Return only the lines of the data below from the line with "Prefeita Tainá Veiga" up to and including the line with "Компрессор Wansheng QD75H", exactly as written, with the pictures omitted.

▶ _MATERIAL SUPPLIED_:
━━━━━━━━━━━━━━━━━━━━━━━━━━━━━━

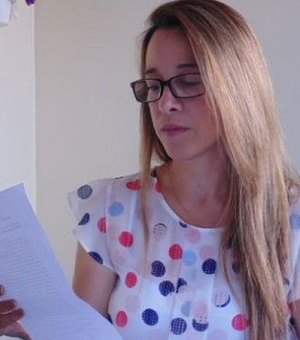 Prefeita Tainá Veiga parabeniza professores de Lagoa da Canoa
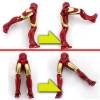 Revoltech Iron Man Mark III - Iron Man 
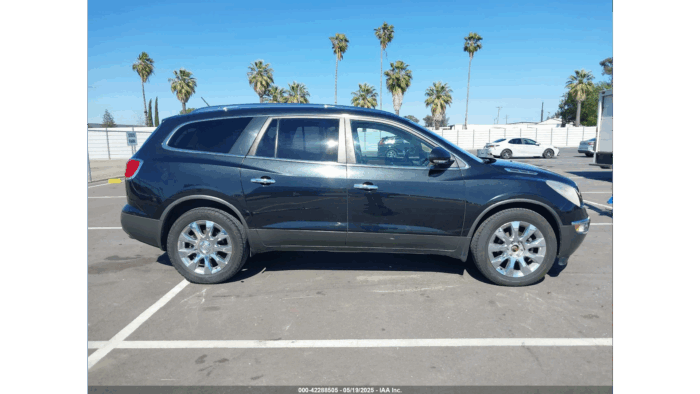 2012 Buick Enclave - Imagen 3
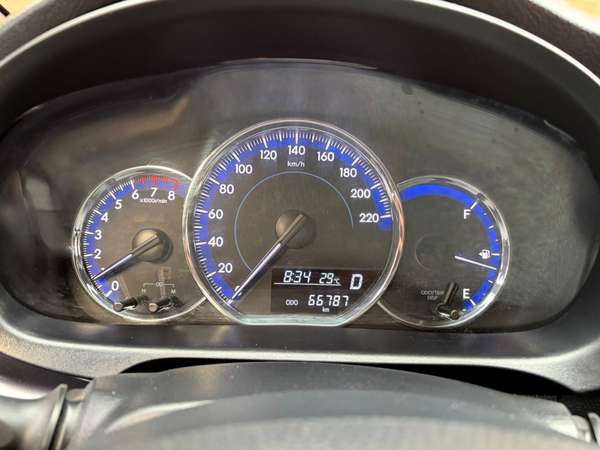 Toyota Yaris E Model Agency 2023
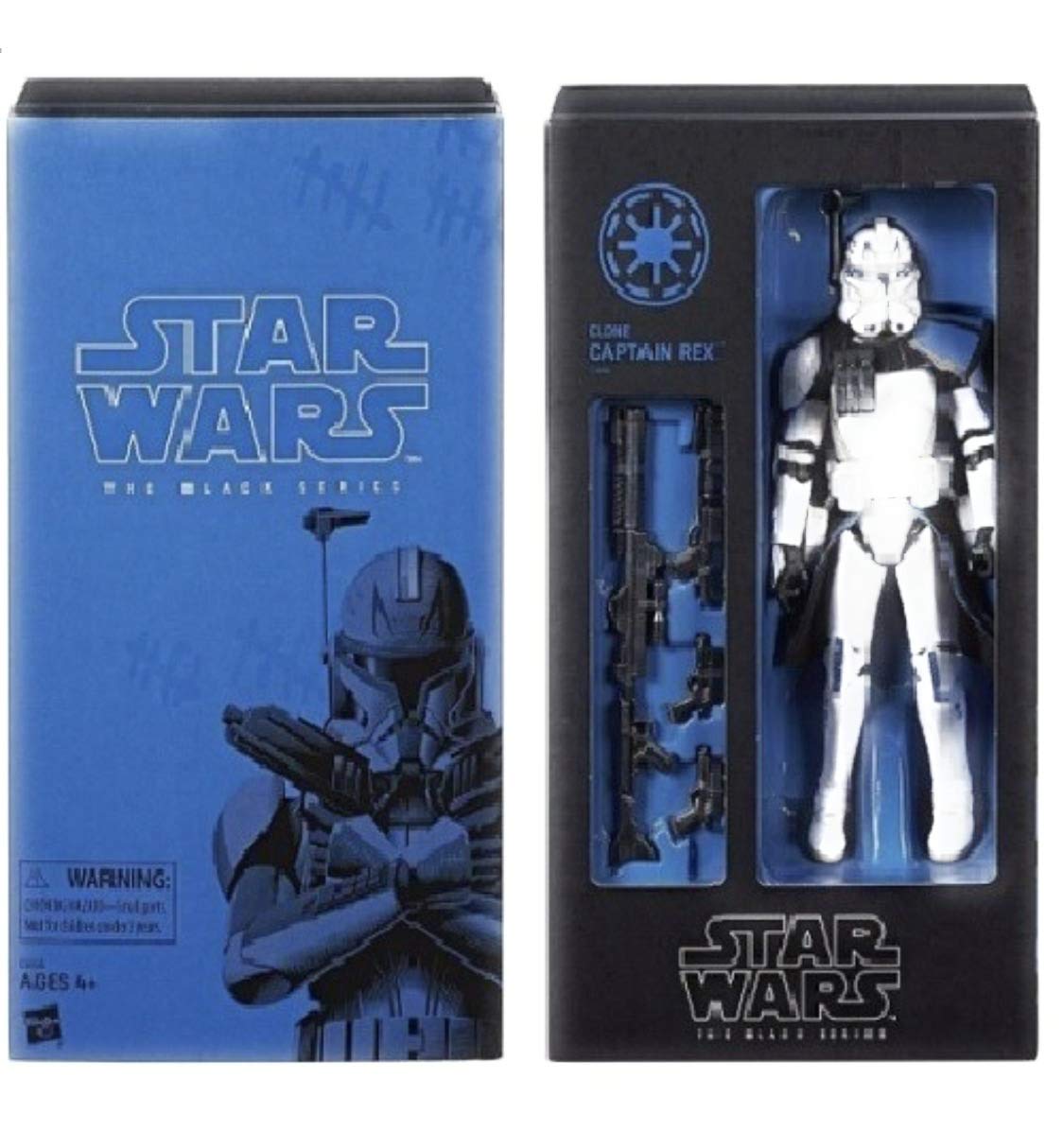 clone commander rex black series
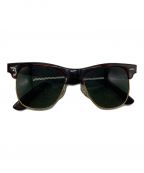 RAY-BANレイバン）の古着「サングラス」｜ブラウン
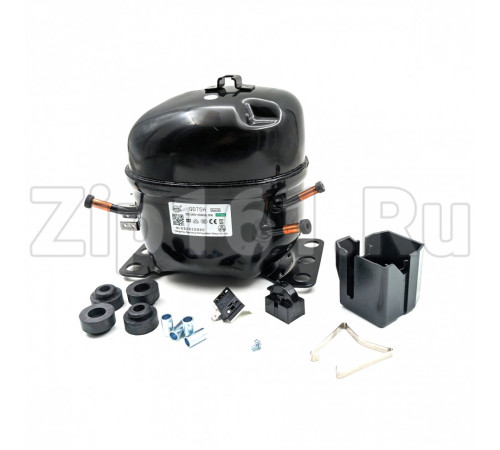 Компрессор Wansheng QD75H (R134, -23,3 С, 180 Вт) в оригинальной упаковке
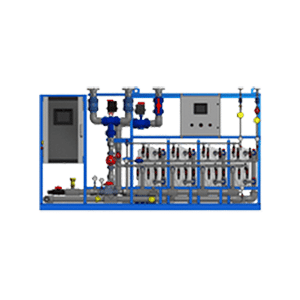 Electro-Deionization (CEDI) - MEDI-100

━━━━━━━━━━━━━━━━━━━━━━━━━━━━━━

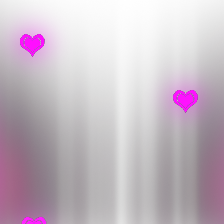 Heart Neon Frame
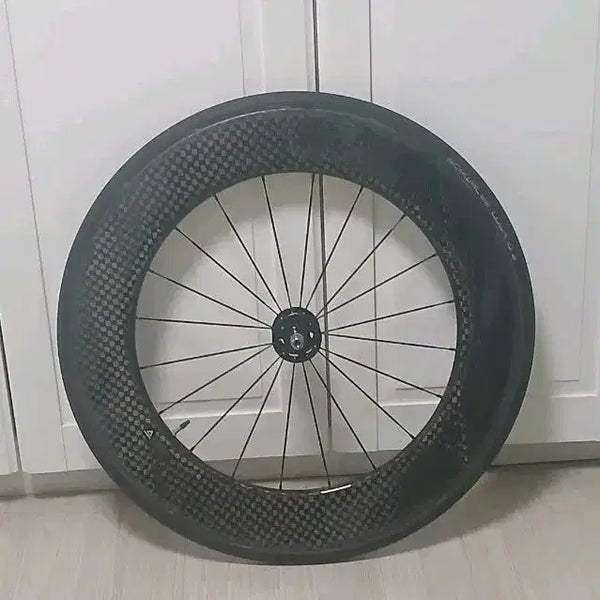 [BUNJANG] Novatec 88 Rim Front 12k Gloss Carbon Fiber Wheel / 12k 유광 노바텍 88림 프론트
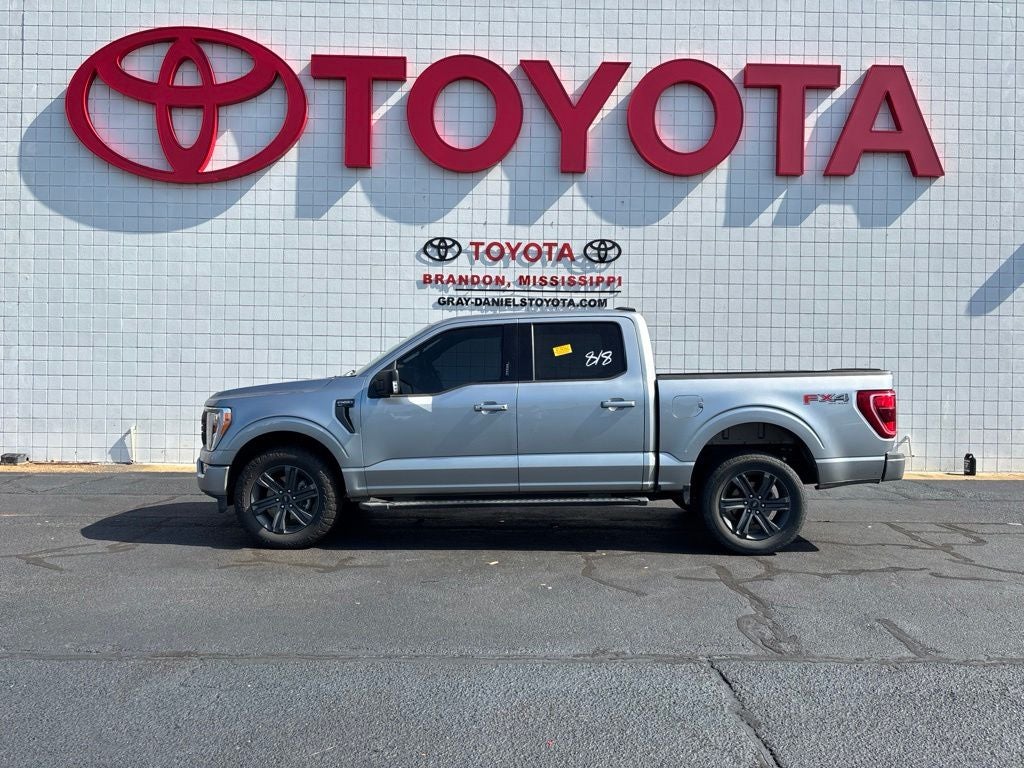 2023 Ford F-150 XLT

━━━━━━━━━━━━━━━━━━━━━━━━━━━━━━

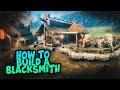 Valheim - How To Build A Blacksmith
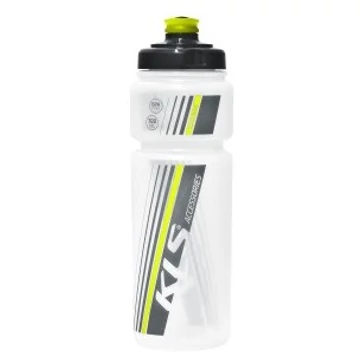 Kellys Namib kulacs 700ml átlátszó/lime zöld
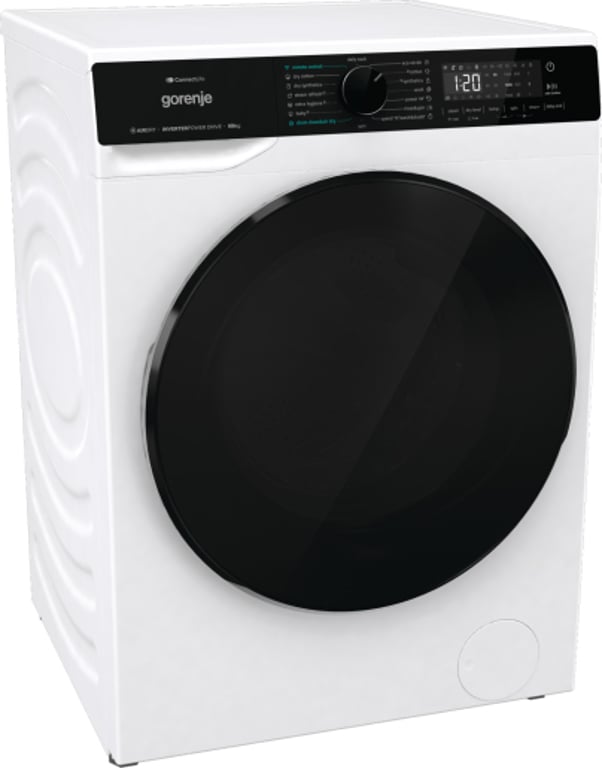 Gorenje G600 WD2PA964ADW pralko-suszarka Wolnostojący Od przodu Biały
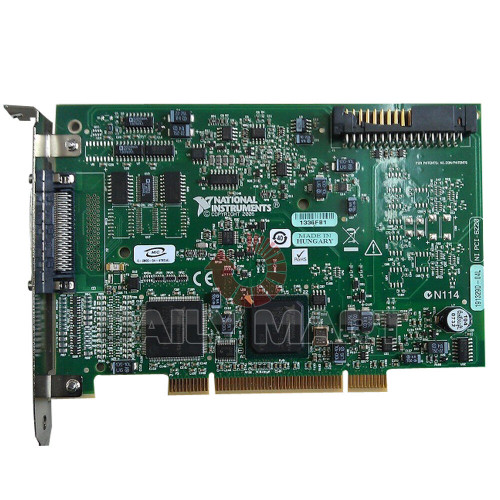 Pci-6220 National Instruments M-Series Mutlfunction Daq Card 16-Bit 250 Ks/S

━━━━━━━━━━━━━━━━━━━━━━━━━━━━━━

▶ _REPLY_:
 Prefeita Tainá Veiga parabeniza professores de Lagoa da Canoa
 Revoltech Iron Man Mark III - Iron Man 
 2012 Buick Enclave - Imagen 3
 Toyota Yaris E Model Agency 2023
 clone commander rex black series
 RAY-BANレイバン）の古着「サングラス」｜ブラウン
 Компрессор Wansheng QD75H (R134, -23,3 С, 180 Вт) в оригинальной упаковке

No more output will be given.